# Suspend/Resume on EEE PC 1015 PE



## outpaddling (Oct 12, 2011)

Hi all,

I'm looking for any suggestions for making suspend/resume work on FreeBSD 9.0-BETA3 on an ASUS EEE PC 1015 PE.

It was working on 8.2-RELEASE, with some cosmetic issues which I believe are related to the unfinished state of the intel29 driver.  The graphical console would be somewhat messed up following a resume (following any switch to and back from a virtual terminal, actually), but it would clean up as apps redrew their windows.

Unfortunately, the wireless driver (atheros 9285) has major problems on 8.2.  The atheros driver works great on 9.0-BETA3, but the system freezes on a blank text screen while trying to resume.

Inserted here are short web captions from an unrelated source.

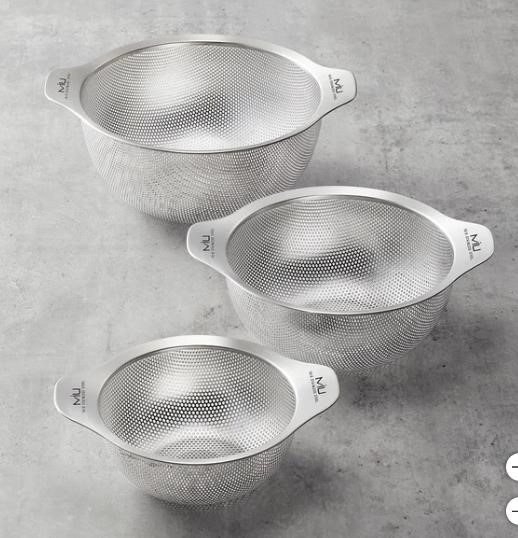 MIU 3 PIECE STAINLESS COLANDER SET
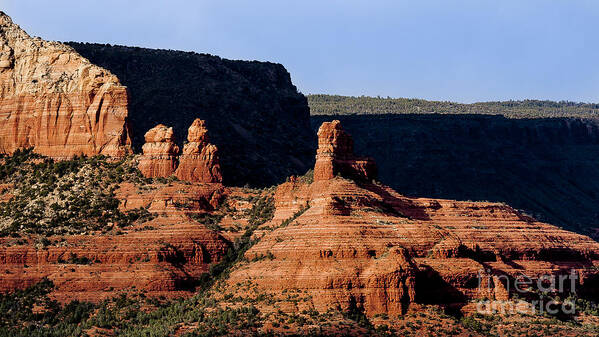 Landscape Art Print featuring the photograph Sedona Shadows by Darcy Michaelchuk Landscape Art Print featuring the photograph Sedona Shadows by Darcy Michaelchuk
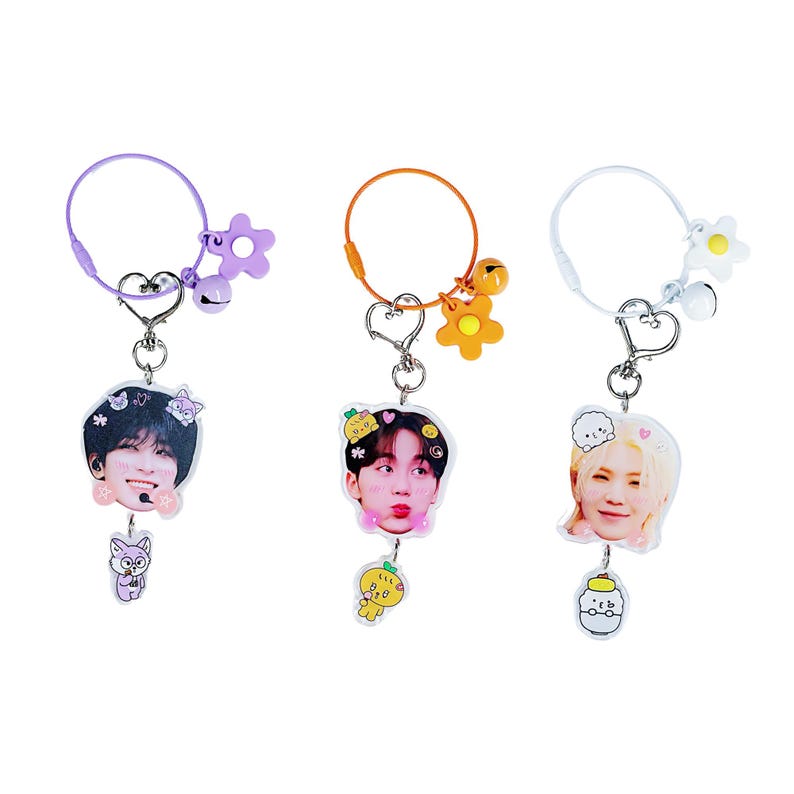 SEVENTEEN-SVT-Acrylic-Keychain-Set-Fanmade-Kpop-Bag-Charms-for-CARAT-5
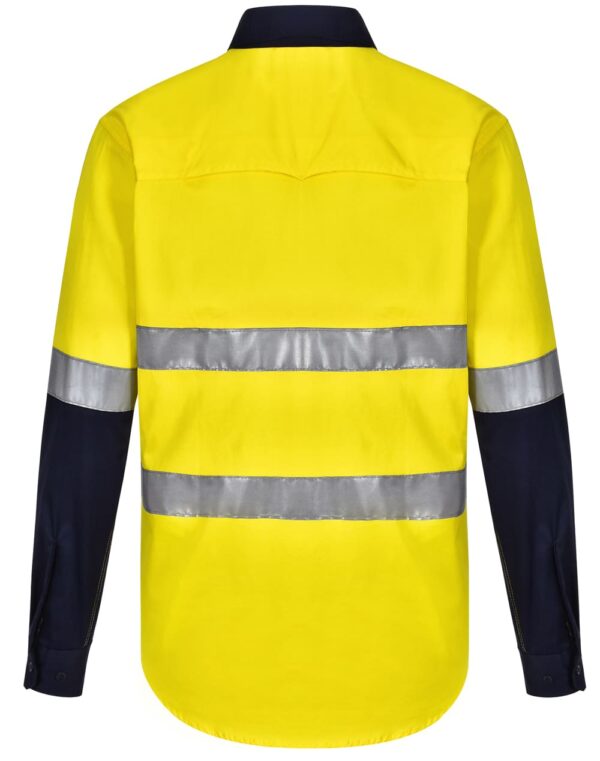 Unisex Hi Vis Cool Breeze Safety Ls Shirt (Generic Tape) - Image 17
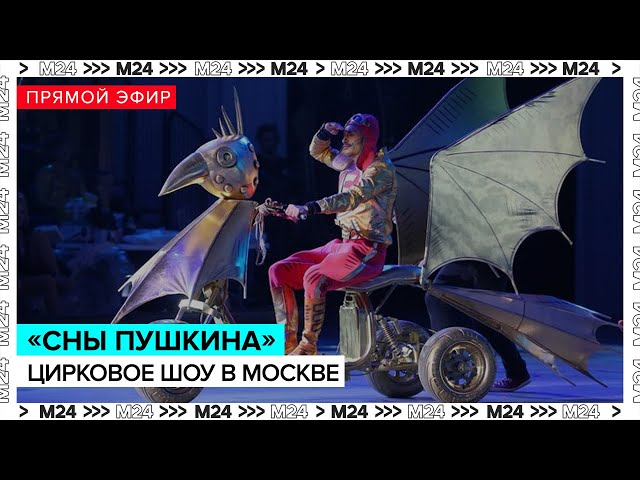 Сны Пушкина  Прямая трансляция премьеры циркового шоу в Москве | Москва онлайн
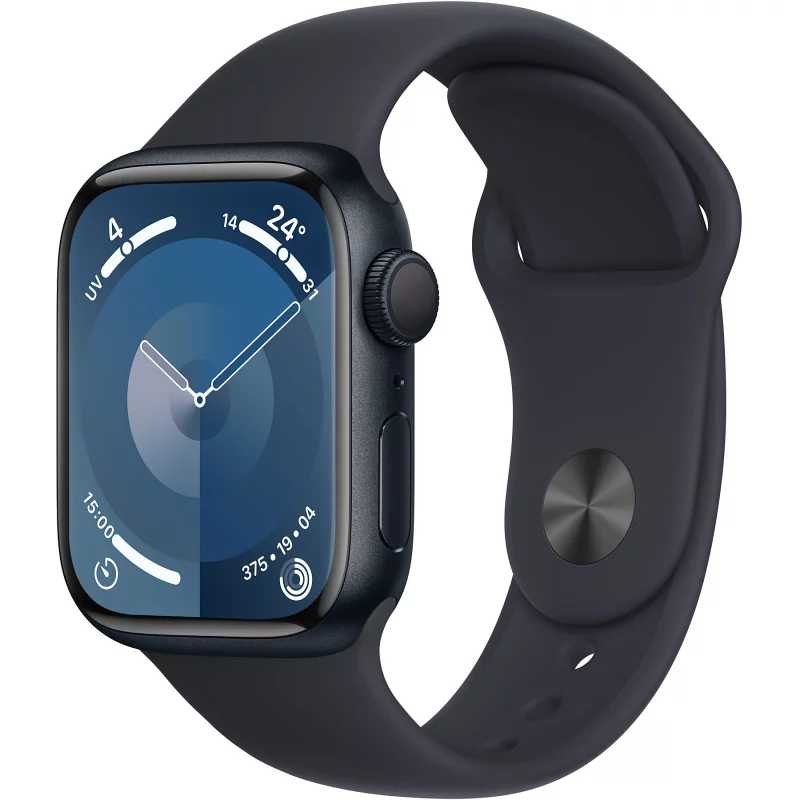 Image : Apple Watch Series 9 GPS 45 mm minuit M/L MR9A3QF/A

I've updated the latest development version of sysutils/desktop-installer to support the EEE PC with no additional manual configuration.  As of now, one can set up a fully functional desktop system on an EEE PC just by running the desktop-installer script after a basic OS installation, and following the on-screen instructions.

Suspend/resume is the last major issue remaining, and I'm out of ideas at the moment.  I've tried everything on http://wiki.freebsd.org/AsusEee.

I'd like to resolve this before submitting the next update for desktop-installer, which I'd love to do in time for 9.0-RELEASE.

As a side note, EasyPeasy (Modified Ubuntu for netbooks) hangs after resuming as well, although it does successfully redraw the X11 console, and can be gracefully shut down by tapping the power button.

Thanks.


----------